What about our compliance policies?

Most enterprises abide by a change policy that dictates who can make production changes. Many times this policy is interpreted to mean anybody outside of ops is not allowed to push changes. Software must be handed off to an ops person to push the change. This handoff can introduce extra lead time and possibly errors due to lack of information.

These compliance rules are defined by the business and many times people on the delivery end have never actually read the language of these policies and base process on assumptions or their beliefs formed by tribal knowledge. Over time, tools and processes can morph in arcane ways, twisting into inefficent bureaucracy.

It’s common to find different compliance rules apply depending on the application or customer type. When thinking about how to reduce delivery cycle time, these differences should be taken into account because there might be alternative ways for seeing who and how change can be made.

Besides understanding the compliance rules, it should also be simple and fast to audit your compliance.

This means make it easy to find out:

  • who made the change and were they authorized
  • where the change was applied
  • what change was made and is it acceptable

This kind of query should be instantly accessible and not something done through manual evidence gathering long after the fact (e.g., when something went wrong). Knowing how change was made to an environment should be as visible as seeing a report that shows how busy your servers were in the last 24 hours.
These audit views should contain infrastructure and artifact information because both development and operations people want to know about their environments in software and server terms. A change ticket with a bunch of verbiage and bug links does not paint a complete enough picture.
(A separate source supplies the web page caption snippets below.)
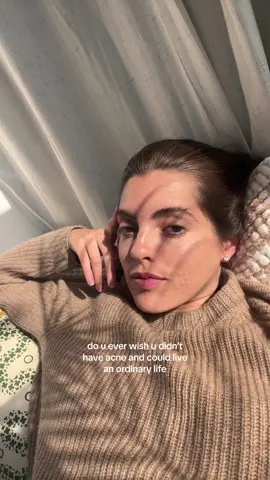 Its so funny because people are over here sharing their daily lives but my days are soOoo consumed by my skin so im over here sharing life as a girl with ✨ #acne 🥲  BUT this is your sign to share the struggles because others are likely going through it too!! #acnegirly #acnegirls #skinblogger #adultacne #hormonalacne #cysticacne #acnehealing #healingacne #accutane #spironolactone #dayinthelife #dailyvlog #relatablecontent 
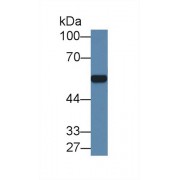 Western blot analysis of Mouse Kidney lysate, using Human ARSA Antibody (1 µg/ml) and HRP-conjugated Goat Anti-Rabbit antibody (<a href="https://www.abbexa.com/index.php?route=product/search&amp;search=abx400043" target="_blank">abx400043</a>, 0.2 µg/ml).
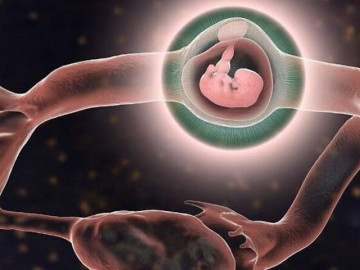 Trị sán lá gan, bất ngờ phát hiện chửa ngoài tử cung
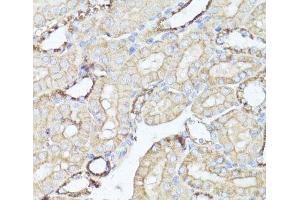 Immunohistochemistry of paraffin-embedded Mouse kidney using OPRK1 Polyclonal Antibody at dilution of 1:100 (40x lens). (OPRK1 抗体)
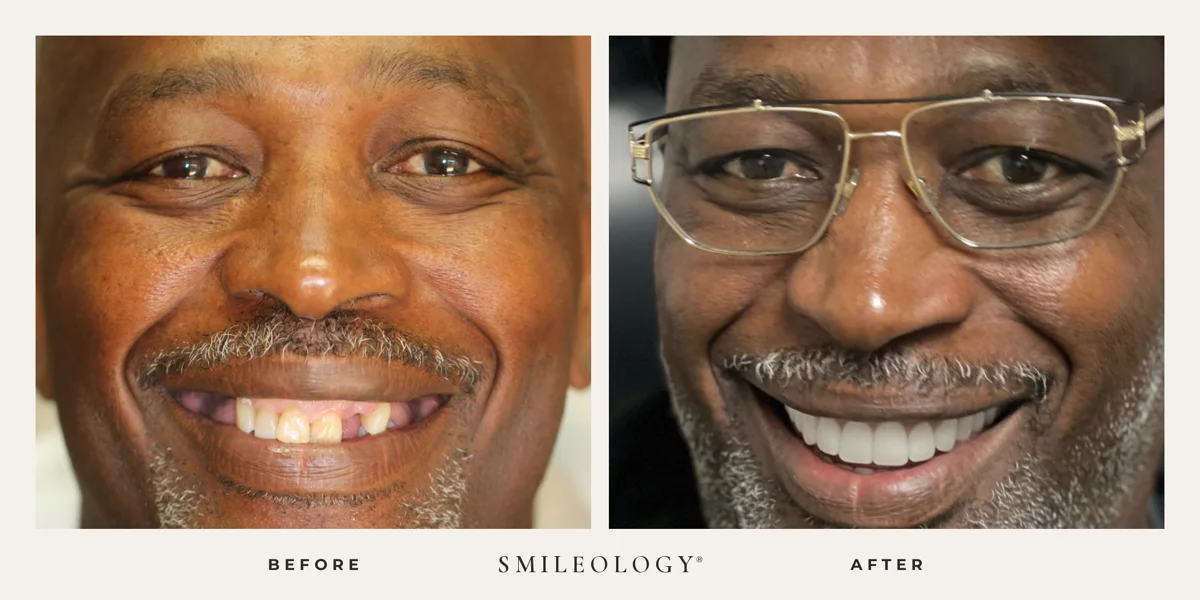 Smileology&reg; patient before and after treatment, case BA 11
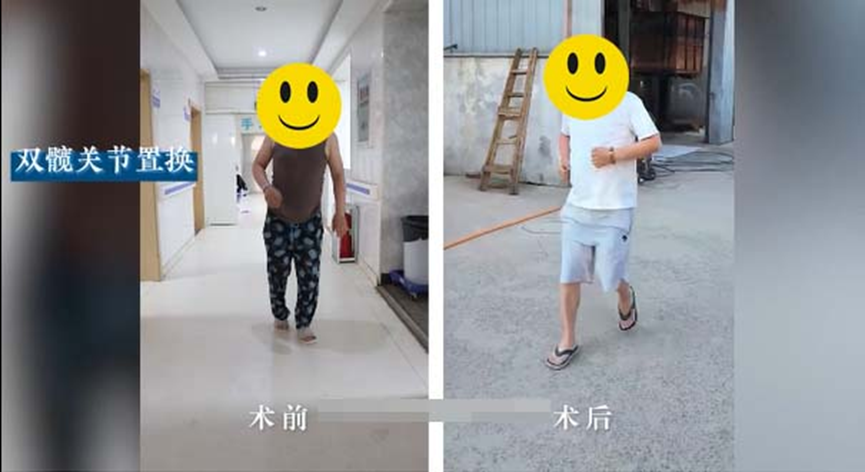30多岁小伙股骨头坏死拄拐多年，天津到济南终找回健康双腿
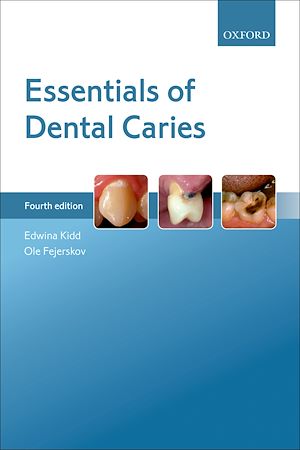 Téléchargez le livre :  Essentials of Dental Caries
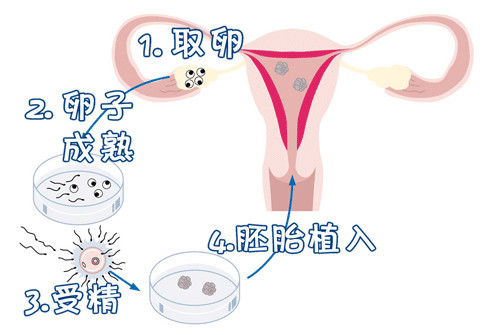 嘉会医疗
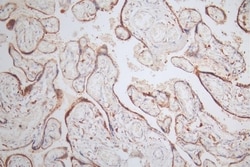 NAIP Antibody (13E6), Novus Biologicals 100 &mu;L | Buy Online | Novus Biologicals | Fisher Scientific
How do you open access but not lose controls?

After walking through a software delivery process it’s easy to see the flow of work slows anytime the work must be done by a single team that is already past their capacity and is losing effectiveness due to context switching between competing priorities. This is the situation an ops team often finds itself. Ops teams balance work that comes from application development teams (e.g., participate in agile dev sprints), network operations (e.g., handling outages and production issues), business users (e.g., gathering info for compliance, asset info for finance) and finally, their own project work to maintain or improve infrastructure.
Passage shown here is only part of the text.